NEW YORK (TheStreet) -- Auto buyers are getting a big break these days, as the average interest rate for a new car loan has fallen to 4.27% -- the lowest level in five years, according to Experian Automotive.
Maybe auto consumers have noticed and adopted something of a swagger; more and more are cruising dealer lots looking for brand-new sets of wheels. Money seems to be less of an object, with the average total car loan rising to $26,719 in the third quarter of 2013, up from $25,963 a year ago.
That's the highest since 2008, and an indication a healthier economy and lower auto loan rates are driving stronger auto sales.
"The third quarter of 2013 proved to be a good time to purchase a new vehicle, particularly for consumers who buy based on their monthly payments," says Melinda Zabritski, a senior director at Experian Automotive. "With loan rates at historic lows, car shoppers were able to take advantage and get a little more vehicle for their monthly payment. It's a win for everyone, as shoppers perceive they are getting better deals and manufacturers and dealers are boosting sales.
Lower rates are really contributing to stronger sales, Experian says, while the average monthly car payment in the third quarter of 2013 was $458 only $6 higher than the same period last year, when rates were higher.
Expect more tire kicking in dealer lots next year as a result.
According to Zacks Equity Research, U.S. auto sales rose by 9% on a year-to-year basis in November.
"This strong sales trend is expected to continue in December, which generally witnesses high luxury car sales," Zacks reports. "In the long term, sales are expected to rise on the back of strong pent-up demand, easier car financing and low gas prices. Additionally, improving macroeconomic conditions such as low interest rates, reduced unemployment rates and recovery of the housing market are likely to boost sales. These catalysts are expected to drive U.S. auto sales to pre-recession levels."
If you're in the market for a new car or truck, how can you grab the best rate deal? Put a little time and effort into your search, and start with these tips:
Bargain with your dealer. Auto consumers can get financing through three sources: banks, credit unions and the automaker. Try your dealer first, as they offer competitive rates and may be open to negotiating to get you to sign on the bottom line.
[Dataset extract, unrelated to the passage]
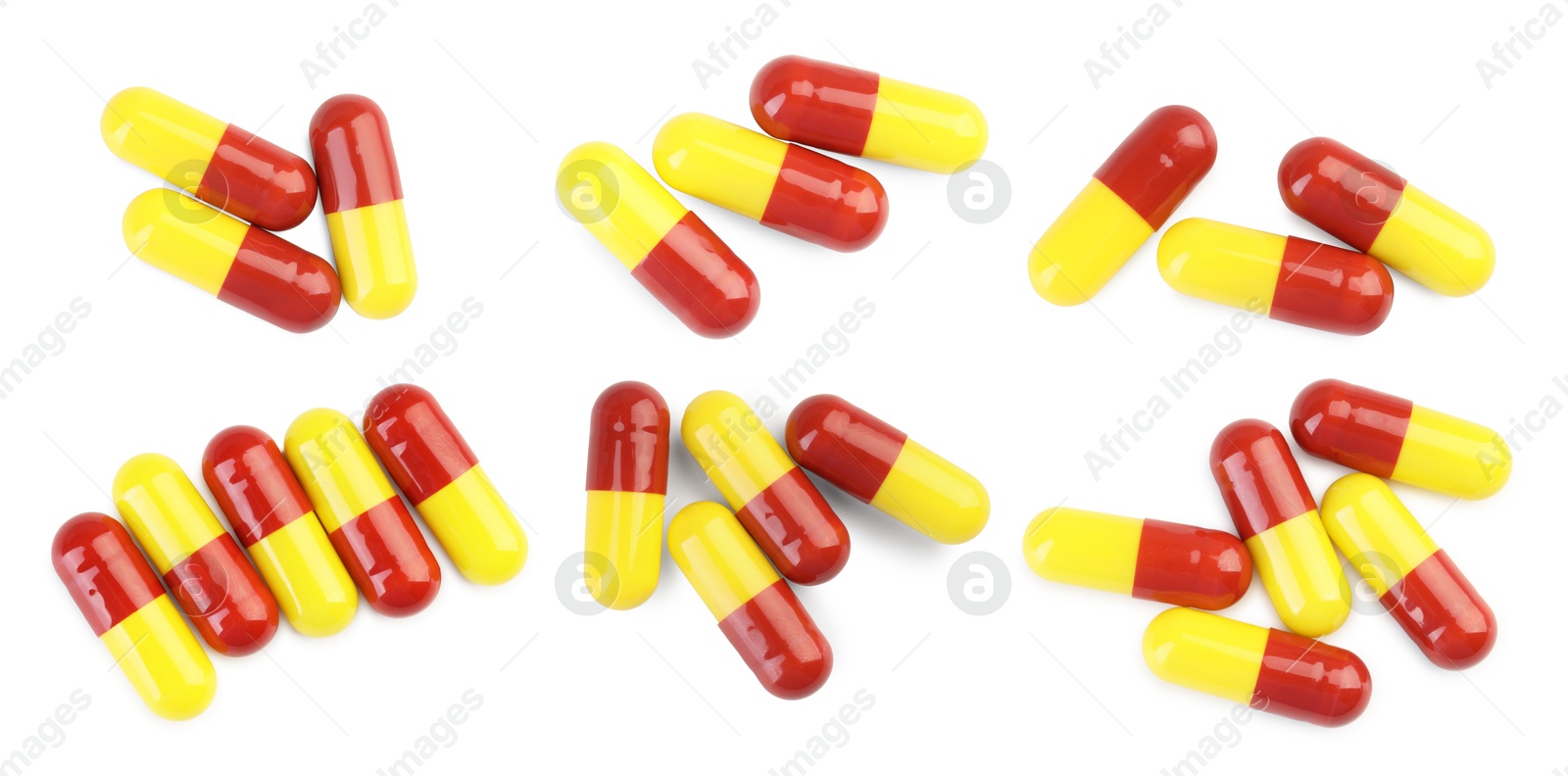 Image of Antibiotic pills isolated on white, set. Medication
New vehicle = lower rates. If you want the best rates possible, aim for a new car or truck and not a used one. Here's a good rule of thumb: The newer the vehicle, the lower the interest rate.
Go low. When negotiating an auto loan's term length, target a shorter loan (48 months or less). Invariably, the longer the term of your loan, the higher your interest rate, and the more you'll pay for taking full ownership of your vehicle.